WHAT YOU HAVE TO DO: Retype nothing except the lines below from the one with "[HC-6440] Cross hole ultrasonic monitor" through the one with "Jam tangan seamaster cosmic", exactly, with images left out.

GIVEN DATA:
***

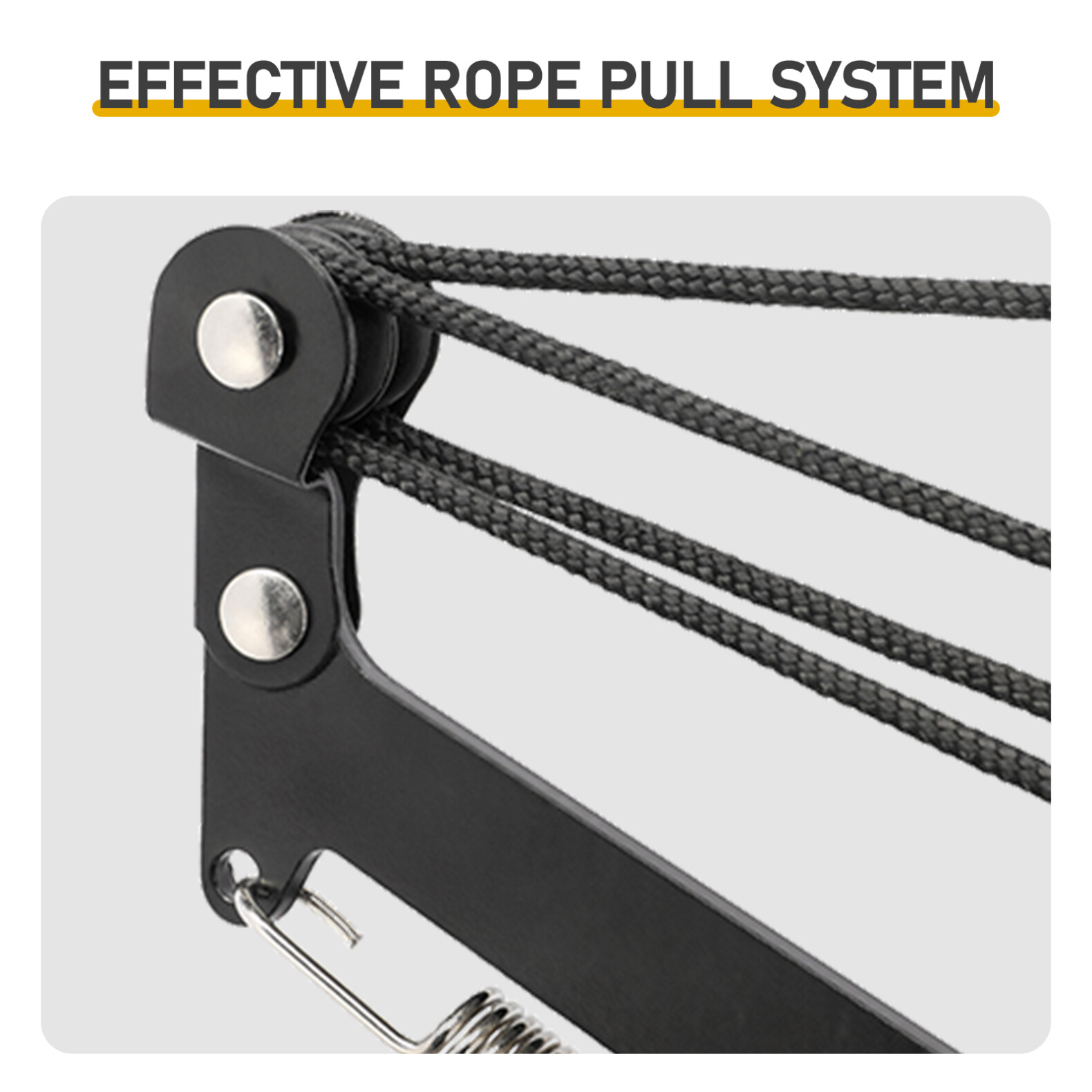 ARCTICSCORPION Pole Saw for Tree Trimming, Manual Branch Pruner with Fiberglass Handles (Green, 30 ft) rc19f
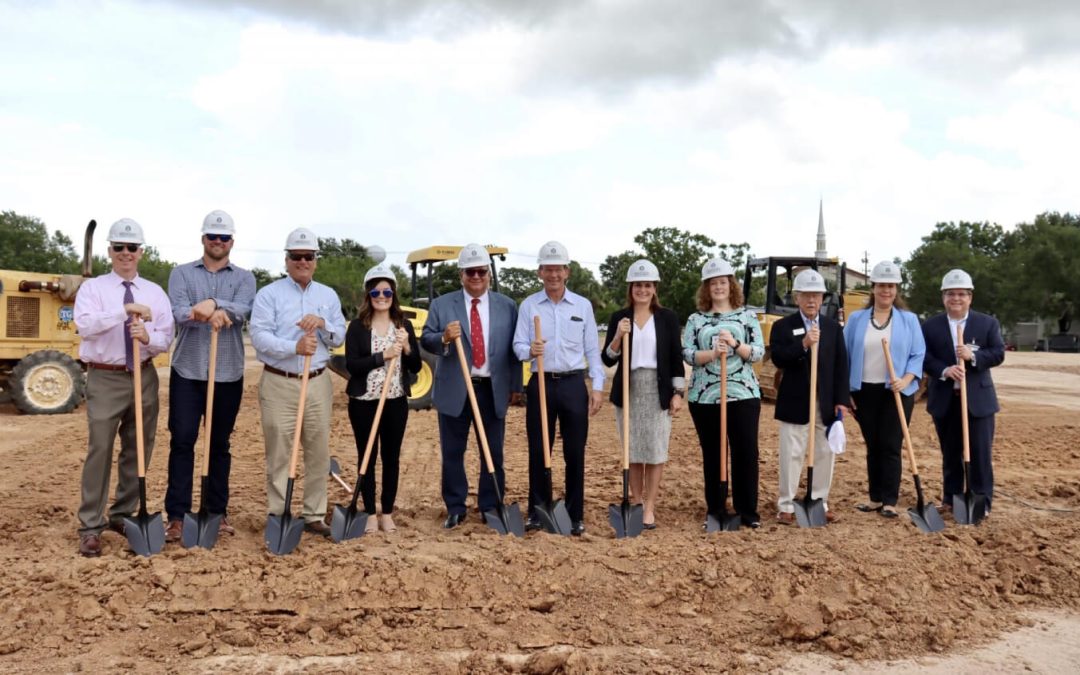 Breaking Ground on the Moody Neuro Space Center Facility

***

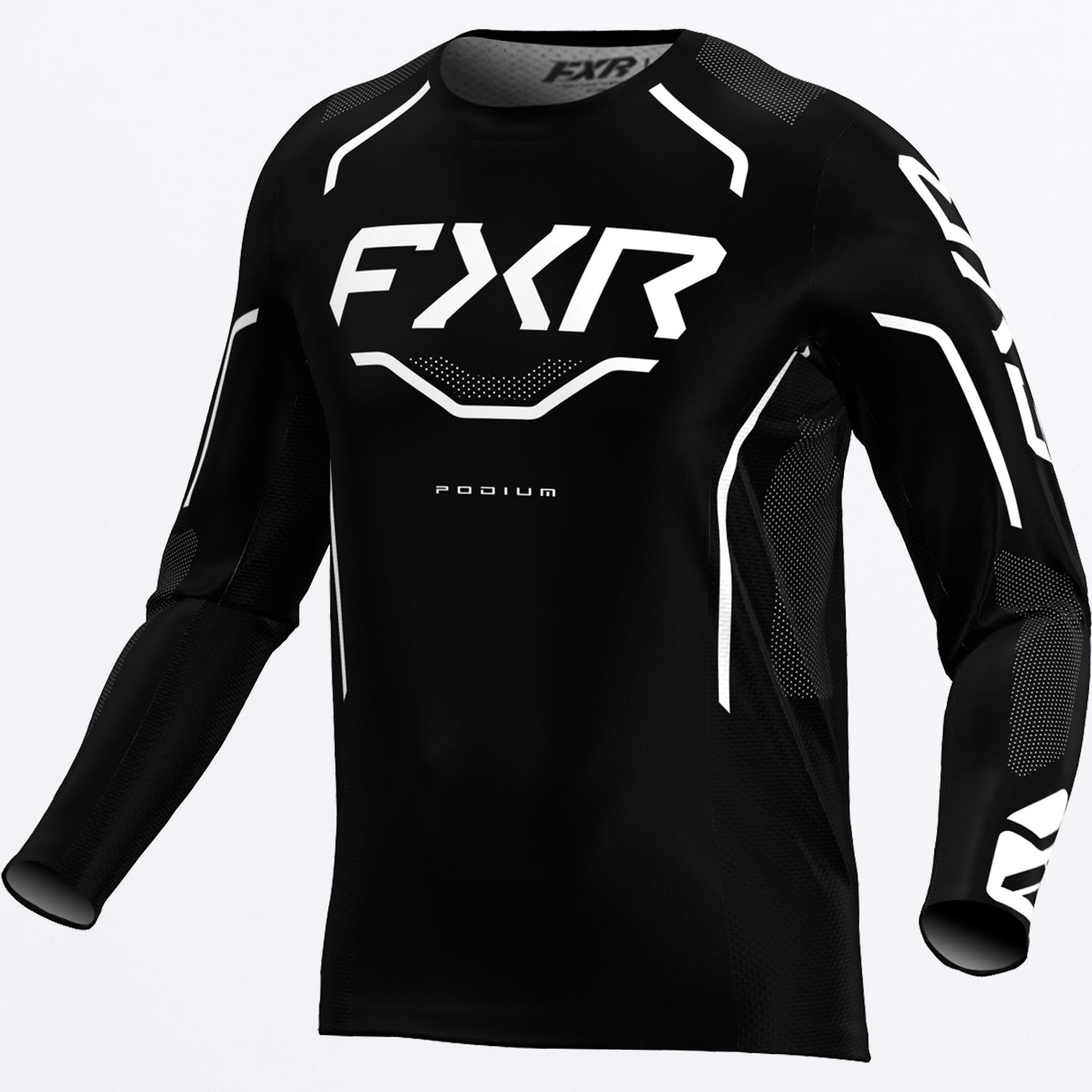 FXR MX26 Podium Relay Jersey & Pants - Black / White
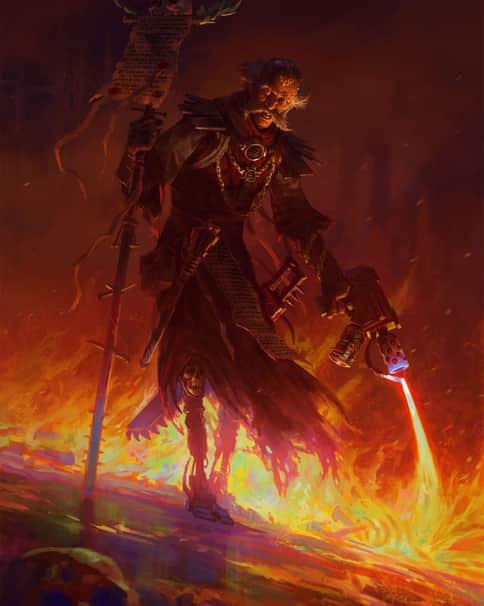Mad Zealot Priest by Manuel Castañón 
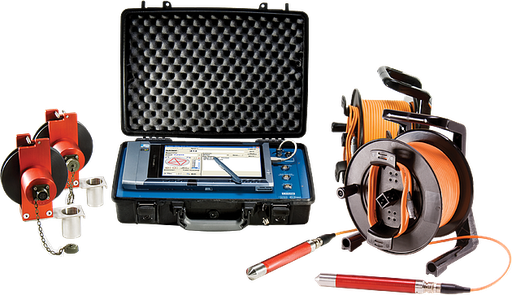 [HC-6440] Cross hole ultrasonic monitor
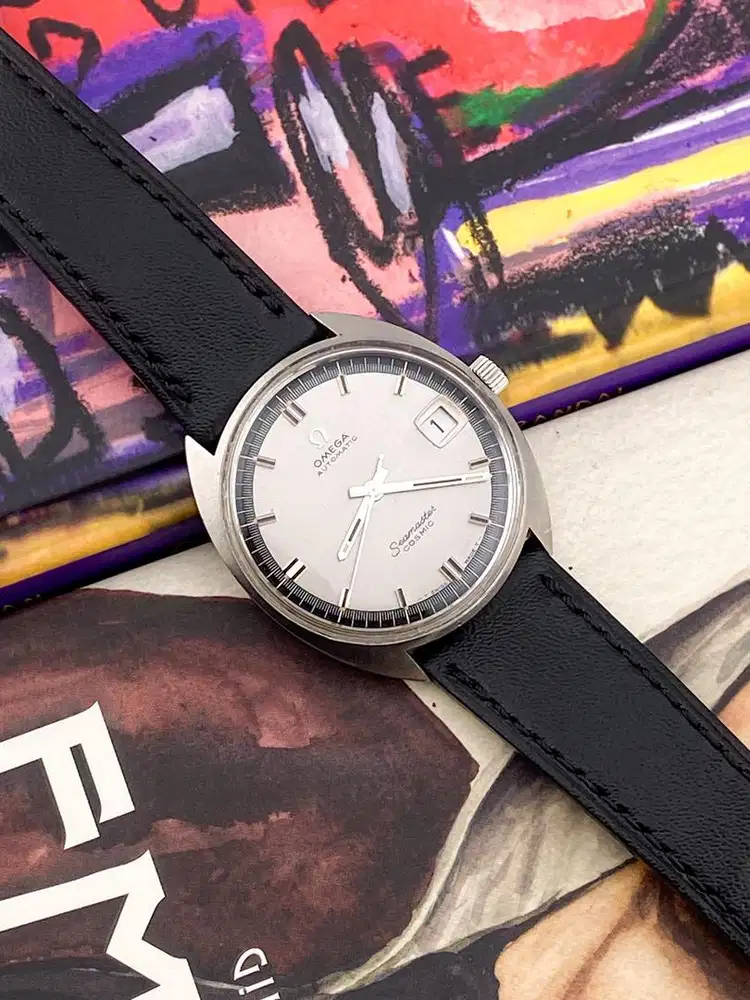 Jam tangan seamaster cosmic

***

ANSWER SECTION:
 [HC-6440] Cross hole ultrasonic monitor
 Jam tangan seamaster cosmic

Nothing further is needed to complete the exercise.